Не все знают о существовании этого сказочного - не боюсь эпитета - уголка восточного Крыма между Судаком и Феодосией. Называется он официально - и на картах тоже - посёлком Планерское (или Планёрское - никто толком не знает), но для всех, кто хоть раз побывал там и дохнул его свежим, морским, волошинским воздухом, - он навсегда останется Коктебелем…
Увы, не застал я его уже тем, каким открыл - сначала для себя, а потом для всех нас - ещё в начале столетия Максимилиан Волошин. Открыл его, полюбил и воспел. И построил дом, тот самый бело-серо-золотистый у самого синего моря, и широко раскрыл его двери для всех. Для всех, кто любит тишину, задумчивость, морской прибой и дальние прогулки в страну скал и затерявшихся среди них бухт. А заодно и стихи, и вечерние бесконечные беседы при свете луны или в заставленной снизу доверху книгами (и какими!) библиотеке, или мастерской (называйте, как хотите!), в полумраке, возле слегка подсвеченного, загадочно улыбающегося слепка головы царицы Таиах, привезённого из далёкого Египта…
А. Толстой, Пришвин, Горький, Куприн, Эренбург, Вересаев, Тренёв - ещё до революции, позднее Вал. Брюсов, Осип Мандельштам, Заболоцкий, Ал. Грин, Мих. Булгаков, К. Чуковский, Л. Леонов, М. Шагинян - все были гостями Волошина, подолгу жили у него. Гуляли, писали, по вечерам, конечно же, спорили о чём-то возвышенном, осеняемые улыбкой той самой царицы с берегов Нила. Тянуло в Коктебель и художников: Остроумова-Лебедева, Петров-Водкин, Богаевский были частыми гостями у Волошина. Кстати, выставка акварелей самого Волошина, посвящённых Коктебелю, пользовалась большим успехом в Москве лет десять тому назад.

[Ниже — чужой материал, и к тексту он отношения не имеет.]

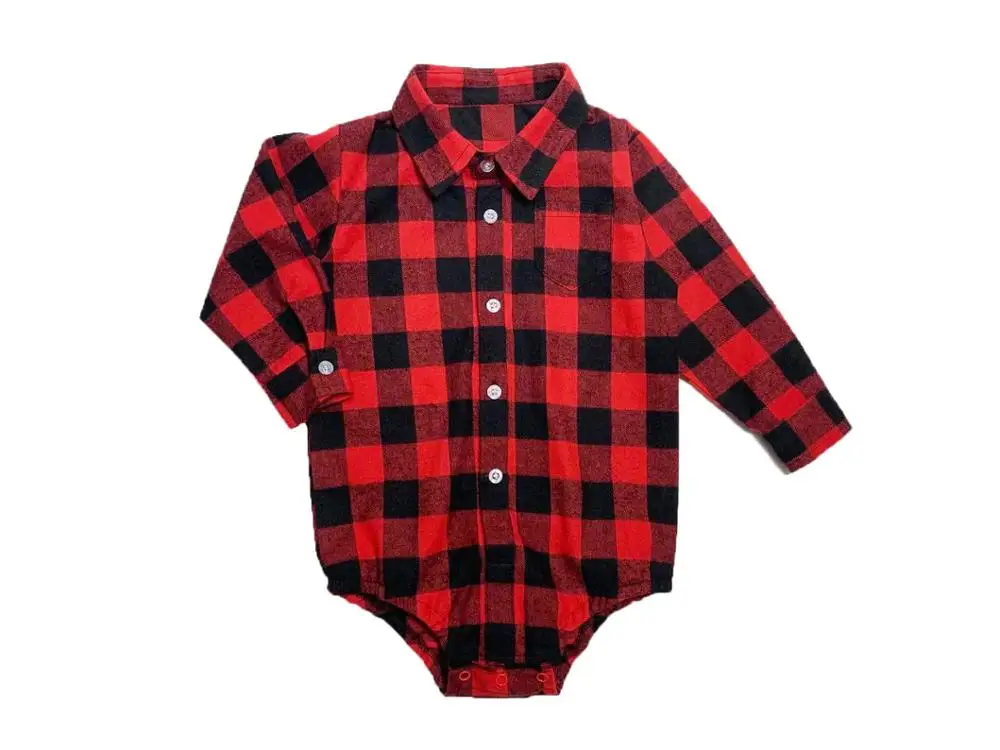 Unisex Autumn Spring Baby Girls Boys Clothes Christmas Plaid Rompers Toddler Newborn Baby Fits One Piece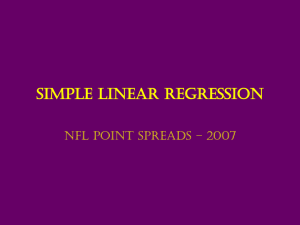 Simple Linear Regression - NFL Point Spreads and Actual Scores
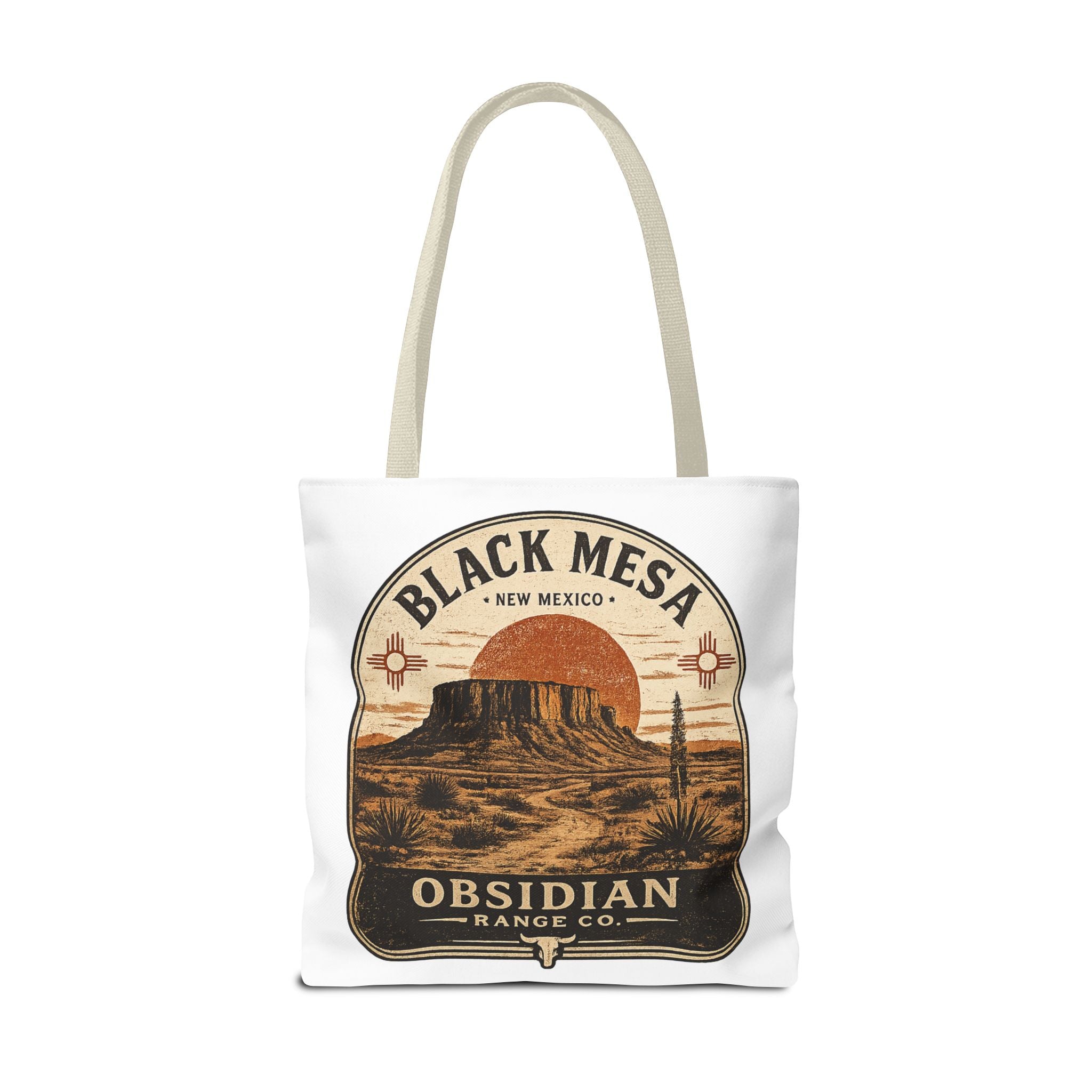 Black Mesa Obsidian Range Co. Tote Bag — Vintage New Mexico Desert Graphic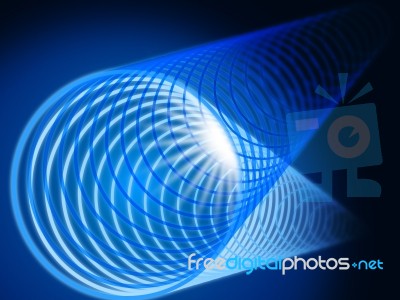 Blue Coil Background Shows Brightness And Tunnel
 Stock Image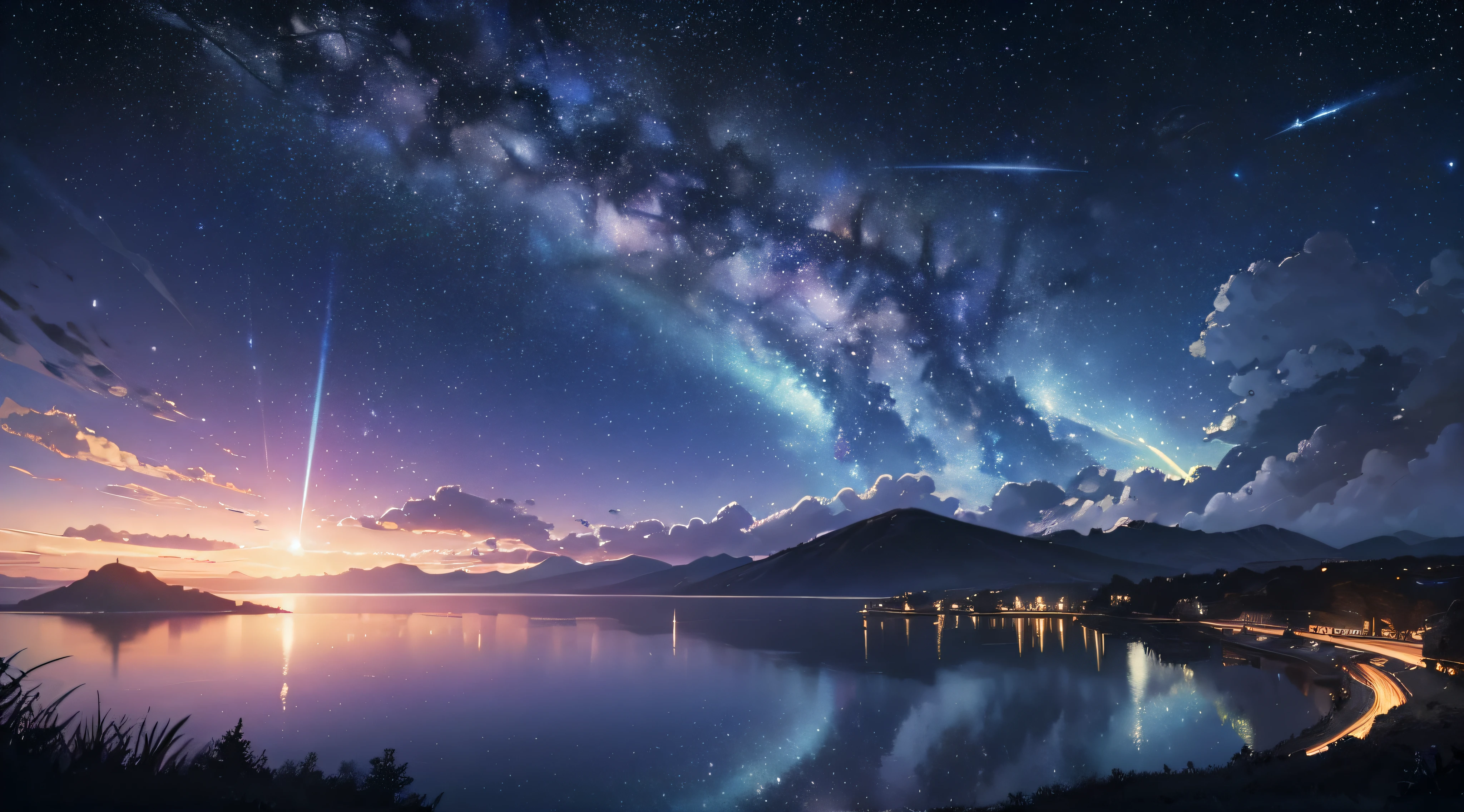 masterpiece、Background with((Fantastic starry sky、meteors、black hole))、Depth((Luminous Planets))、Looking up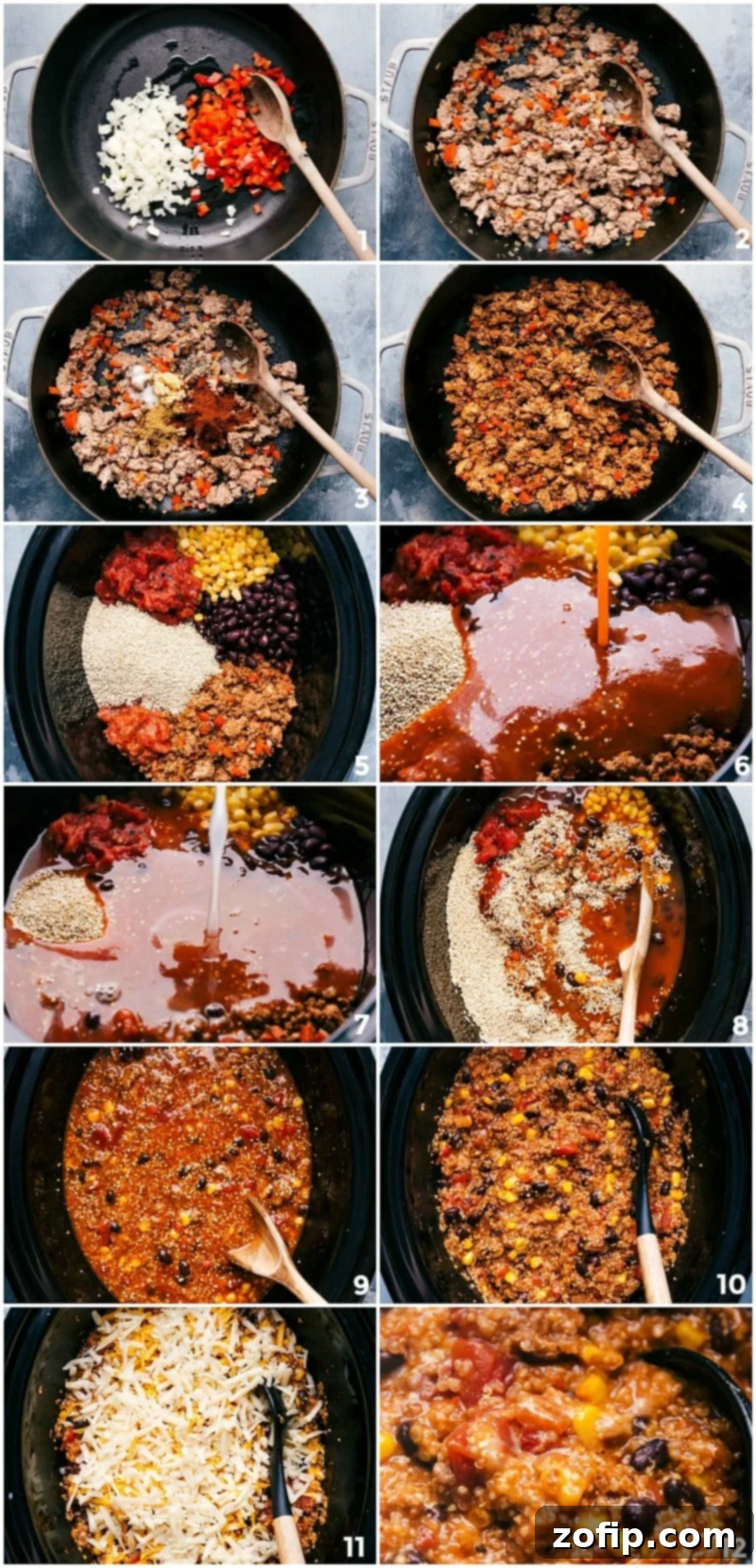 Combining and Cooking Onion, Bell Pepper, and Turkey in Slow Cooker A visual guide to preparing Quinoa Enchilada Crockpot: The first shot shows fresh diced onions and bell peppers, followed by ground turkey cooking in a skillet. The final image displays all ingredients combined and mixed in the slow cooker, ready for the cooking process to begin.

В "Доме поэта", как окрестил свой дом Максимилиан Александрович, он сумел создать дух, атмосферу удивительно лёгкую, непринуждённую, весёлую. Никаких вечерних туалетов, этикета, галстуков - ходи, как хочешь, делай, что хочешь - гуляй, бездельничай, собирай камешки, если хочешь - твори… И нужно сказать, с лёгкой руки хозяина это последнее в Коктебеле получается как нигде хорошо. За год до своей смерти - в 1931 году Волошин подарил свой дом писателям, и стал он называться с тех пор - 50 лет тому назад - Домом творчества, и если тебе, писателю, удастся вырвать в Литфонде путёвку (что отнюдь не легко!), поезжай туда и твори - лучшего места не найдёшь.